Wednesday, November 6, 2019

Quote: "You (sic) church is a cesspool of liberal crap. Come and get our guns m***** f*****!!! Talk is cheap bitch. Bring it on."


Hey, NRA: Objects in your rearview mirror are closer than you think.

Outside of war zones, the United States is the most dangerous place on the planet for gun violence. Photographs of dead children will eventually prove too much. Even NRA-beholden pols will line up to pass strong gun control bills.

Like most Wyomingites, I don’t think confiscation is the correct path. However, the NRA will, one day soon, wish they had agreed to less onerous gun safety laws when they had the chance. Even those who blasphemously believe their “right” to bear arms is “God given” will find that god has abandoned them.

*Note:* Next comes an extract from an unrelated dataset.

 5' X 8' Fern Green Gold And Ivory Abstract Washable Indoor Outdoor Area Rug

Until now, no one was coming after your guns. That didn’t stop the NRA and its wholly-owned subsidiary, the Republican Party, from saying so. They’ve warned you someone wants to take your guns when that wasn’t true. Some bought it as hundreds of people died from gun violence. Will there never be a reckoning? Do you think the American people will allow this to continue into eternity?

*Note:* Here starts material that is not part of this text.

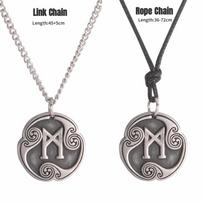24 Runų Pakabukai Senovinio Stiliaus Karoliai Rinkinys Vyrams Moterims Raidės Amuletas Nerūdijančio Plieno Pakabukas Vikingų Vika Papuošalai Mada link chain&45cm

The truth is no one wanted to take any of your guns until now. Now, a back-bench Democratic Party presidential candidate openly warns, “Hell, yes, we're going to take your AR-15 and your AK-47. Get it? Hell yes.” Beto O’Rourke is not out in left field on this. A recent NPR/PBS News Hour/Marist poll shows Americans evenly divided on his proposal. 
Actually, it’s a mandatory buy-out, not confiscation and 45% back the idea, including 55 percent of women voters. The day may be upon us when politicians find more support delivering gun-law-reform messages than the old “they’re coming to take your guns” tripe.
Gunowners have no one to blame but the NRA. At every step, they block rational gun safety laws, insisting that people who are seriously mentally ill, convicted of domestic violence, or on the terrorist “no-fly” list be allowed to buy guns.
They carry weapons on the campus of the University of Wyoming in violation of the school’s rational rules, enacted because of legitimate safety concerns. Their badge of honor is “open carry,” flaunting AR-15’s and other weapons, regardless of how frightened those around them are in an environment where telling a “good guy” from a “bad guy” is challenging.
They force their schemes to arm school teachers on nervous students and parents as an alternative to rational gun safety measures. They make political threats against politicians who give any sign of supporting measures that have the backing of huge majorities of voters.
The director of the Marist Institute for Public Opinion says it well, “You’d be hard pressed to find something where the gap between public opinion and legislative action is wider.” His polling data show how huge that gap is and, as he says, “the congressional crowd is very much out of step with where public opinion is on this.”
According to the Pew Research Center, the share of Americans saying gun laws should be stricter increased from 52% in 2017 to 60% this year. What’s more, there are several proposals on which Republicans and Democrats agree. Around nine-in-ten Republicans and Republican-leaning independents and Democrats and Democratic-leaning independents favor preventing people with mental illnesses from buying guns.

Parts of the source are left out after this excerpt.